Discussion - stopwords
leomaurodesenv opened this issue · 4 comments
I liked the texthero
, and I want to contribute in somehow.
First, I want to discuss something that boring me - stopwords..
Problem - I want to deploy a solution without the spacy
stopwords requirements, and, possible, add my own stopwords.
My solution is based on Docker containers, is a bad practice download files every time that a new containers is instanced, causing a cold start problem, also using unnecessary space (because I don't use them).
In this sense,
- Is it possible to remove the
spacy
stopwords requirements? - How can we add general stopwords, according to our own language needs?
- Do we have some stopwords dictionary for many languages outside
spacy
? - How turn off stopwords download?
Hi Leonardo, thank you for opening this issue.
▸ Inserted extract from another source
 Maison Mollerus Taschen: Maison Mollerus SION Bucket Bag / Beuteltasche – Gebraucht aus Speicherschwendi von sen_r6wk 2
I agree with you, it's quite annoying that stopwords are downloaded even when they are not needed. This should have been fixed in #194. I will soon release a new version that includes the patch.
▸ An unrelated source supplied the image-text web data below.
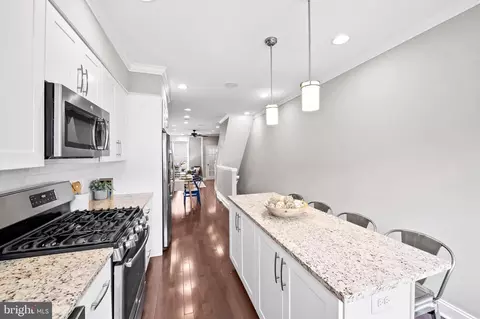 Entry Way - 522 S Streeper St, Baltimore, MD 21224 photo 4 of 7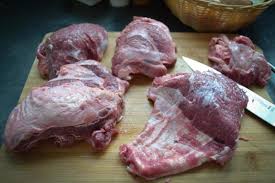 Geschmorte Kalbsbackchen In Rotweinsauce Rezept Schmoren Lebensmittel Essen Essen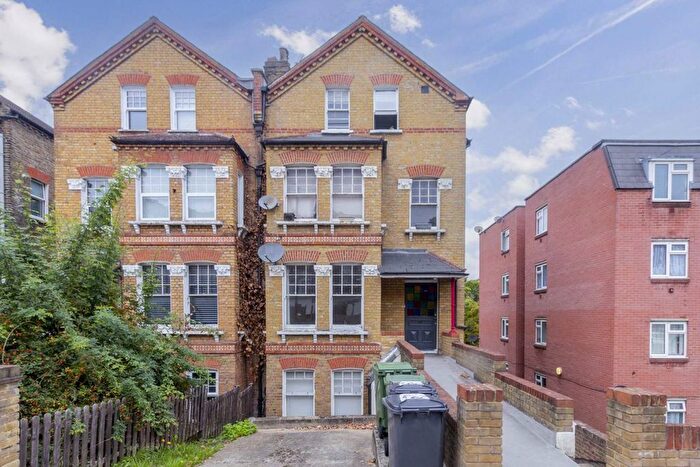 1 Bedroom Flat To Rent In Knollys Road, Streatham, SW16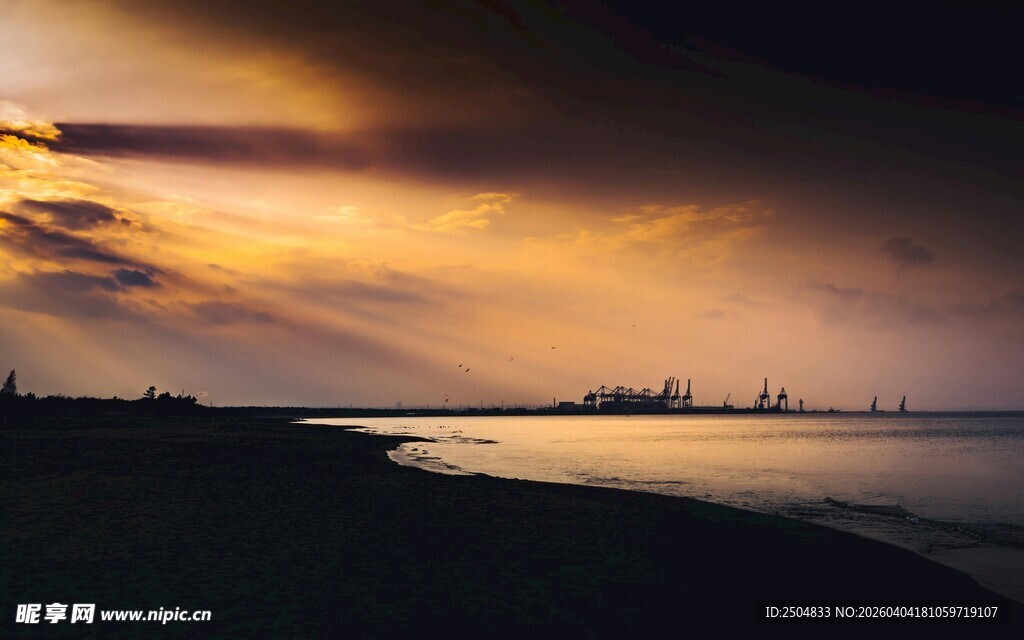 海边黄昏美景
Regarding your other questions:
- Removal of spacy stopwords requirements. I believe we can completely get rid of spacy requirements by saving in a txt file (or another file extension) all stopwords and load directly that one. Do you want to work on that?
- Multi-lingual support is something we would like to introduce for quite a long time ... if you are interested in helping out to develop a general solution that works for many languages I would be more than happy to talk!
- Currently, Texthero is fully supporting only English, adding stopwords on other languages (with Spacy for instance) should be trivial though; this is strictly related to point 1.
Hope it helps!
Best,
Hi Leonardo,
I just released a new version (Texthero 1.1.0); now stopwords should be downloaded lazily. Would you mind try it and let me know? Later on, we can discuss your other great points further!
Hello @jbesomi , sorry for my late answer.
Sure, I'm going to try out next week.
Yes, I would like to help. But, I'm not sure how to support multi-lingual stopwords.. But add multi-lingual embeddings could improve, and slowly the code. This is tough.. heheh
Removal of spacy stopwords requirements. I'm going to take a look and send a message here.
Thanks for the update Leo. As you suggested, we can start by improving the stopwords (for English) and see how it goes. Multilingual support requires some thinking and refactoring, we can discuss that later on once the simpler version is implemented.
Best,